There is as much politics among academic scientists as there is in any elected chamber of government. Unfortunately climate change has become a subject for political chicanery, rather in the same way that economics and social policy have become sunk in the mire of politicking.

A few weeks ago sixteen leading scientists signed a letter about climate change. These scientists believe that there is no need to decarbonise our economies and that it is possible that climate change predictions have been exaggerated and a slight warming that may ensure may actually be beneficial to humanity.

They claimed that the American Physical Society held these views, and that evoked the following response from the APS:-

“Global warming is occurring” and “while there are factors driving the natural variability of climate (e.g., volcanoes, solar variability, oceanic oscillations), no known natural mechanisms have been proposed that explain all of the observed warming in the past century.”

The APS did not suggest that it is incontrovertible that global warming is human induced.

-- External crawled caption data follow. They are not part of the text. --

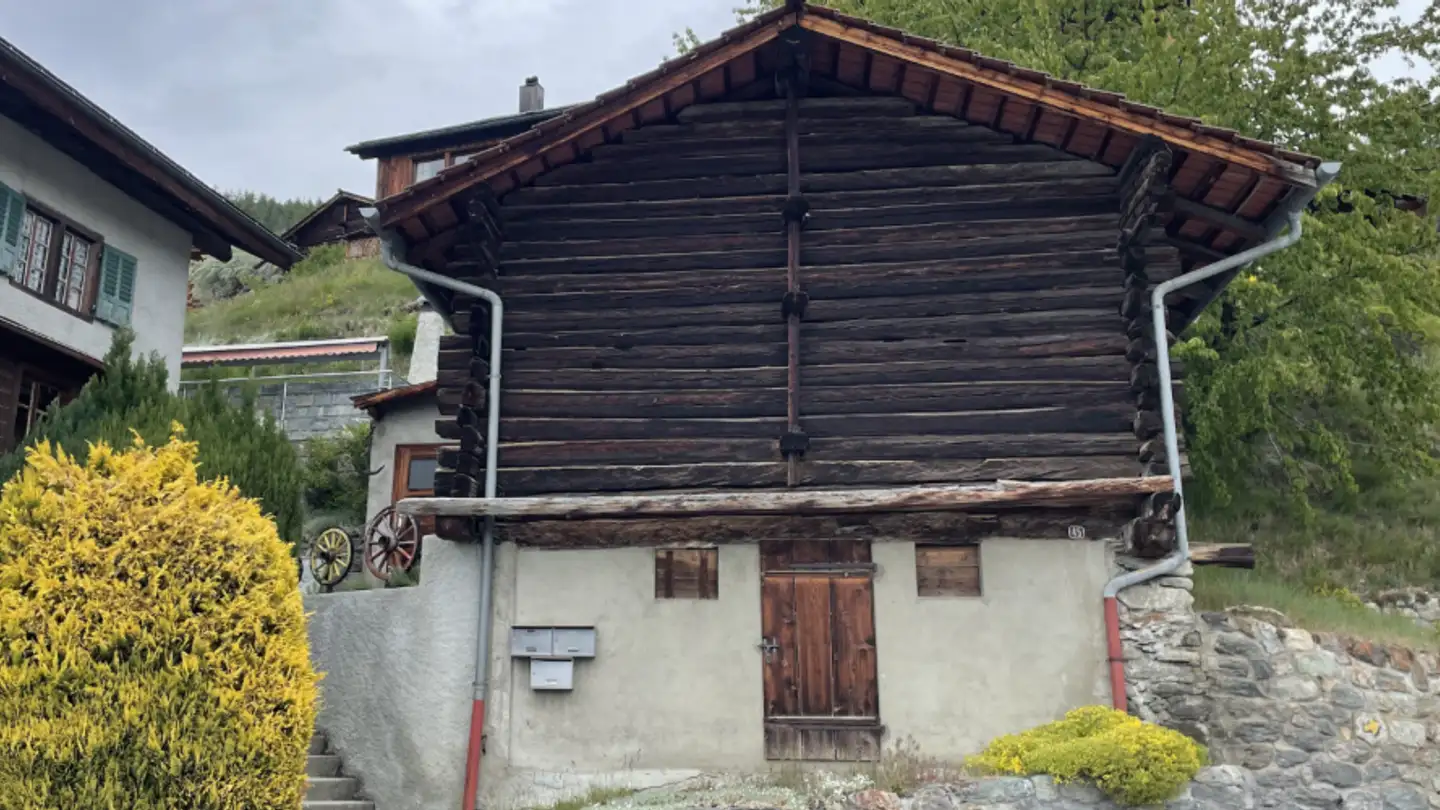 Chalet for sale - Route Centrale 45, 1961 Vernamiège - Photo 2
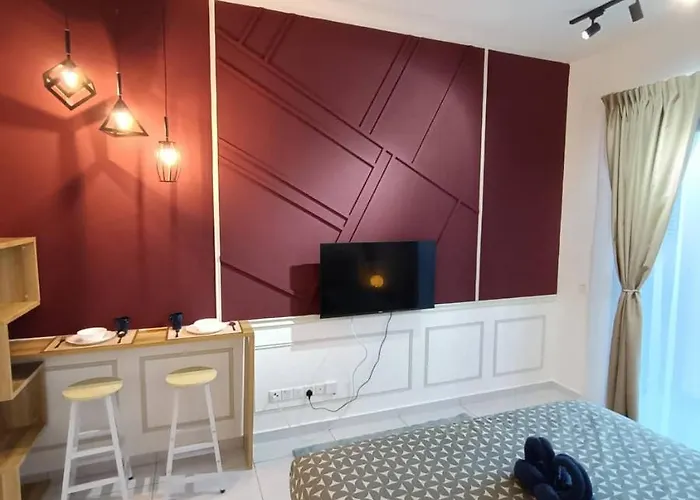 Sky Trees Netflix & Facilities With Balcony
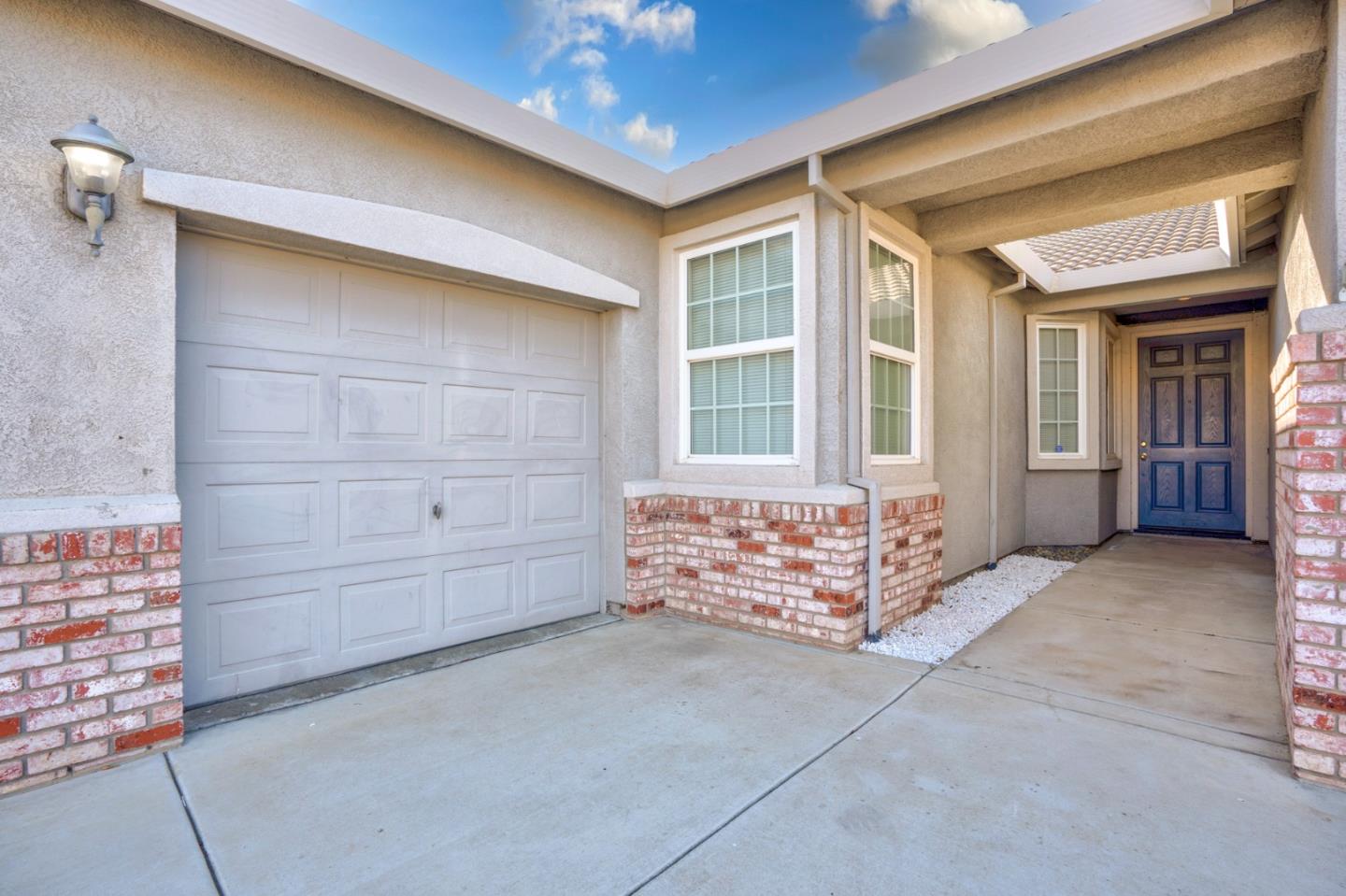 Detail Gallery Image 5 of 38 For 2061 Palermo Dr, Los Banos,  CA 93635 - 4 Beds | 2/1 Baths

The point is, of course, that human activity is the most likely explanation, along the lines of when you have eliminated the impossible, whatever remains, however improbably, must be true.

Of course there are agenda that scientists, needing research funding for their projects, are pursuing, just as governments and policy makers have agenda to make sure that they are seen to be “doing something” about climate change. As I have pointed out over the years in these posts, politicians are “doing something” but what they are doing is incoherent, often without end product, and mostly fails to achieve anything at all. It is a bit like Eric Morecambe, playing all the right notes but not necessarily in the right order.

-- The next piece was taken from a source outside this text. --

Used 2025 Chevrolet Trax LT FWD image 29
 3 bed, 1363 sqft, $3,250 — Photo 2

We do need to decarbonise our society, even for no other reason than to keep pollution down, reduce dependence on finite resources and as an insurance policy against global warming. These are logical objectives and I have never heard a logical argument against any of them. We also do need to keep the politics out of climate science, otherwise we will never achieve any objective, no matter how modest.

 

One Response

  1. I am sceptical about manmade global warming because I have thought about it in an educated way and concluded that it’s possible but neither proven nor probable.

    However, seeking energy efficiency is a no brainer, as is reducing pollution and I agree with you that these aims are perfectly reasonable. No need for carbon trading and similar scams.

    However, most Daily Mail readers and Joe Public are sceptics about manmade global warming because governments jumped on this bandwagon to escalate the tax take. I suspect most ‘barrack room’ sceptics don’t understand any of the physics but just see government treating energy consumption just like cigarette smoking, alcohol drinking etc. That is, penalising it. In my view it is perfectly legitimate to use energy in transport, growing food and keeping warm.

    Unfortunately energy use has become tainted and regarded as undesirable. Almost in the same category as smoking and junk food. How rediculous. And all because of so called manmade global warming.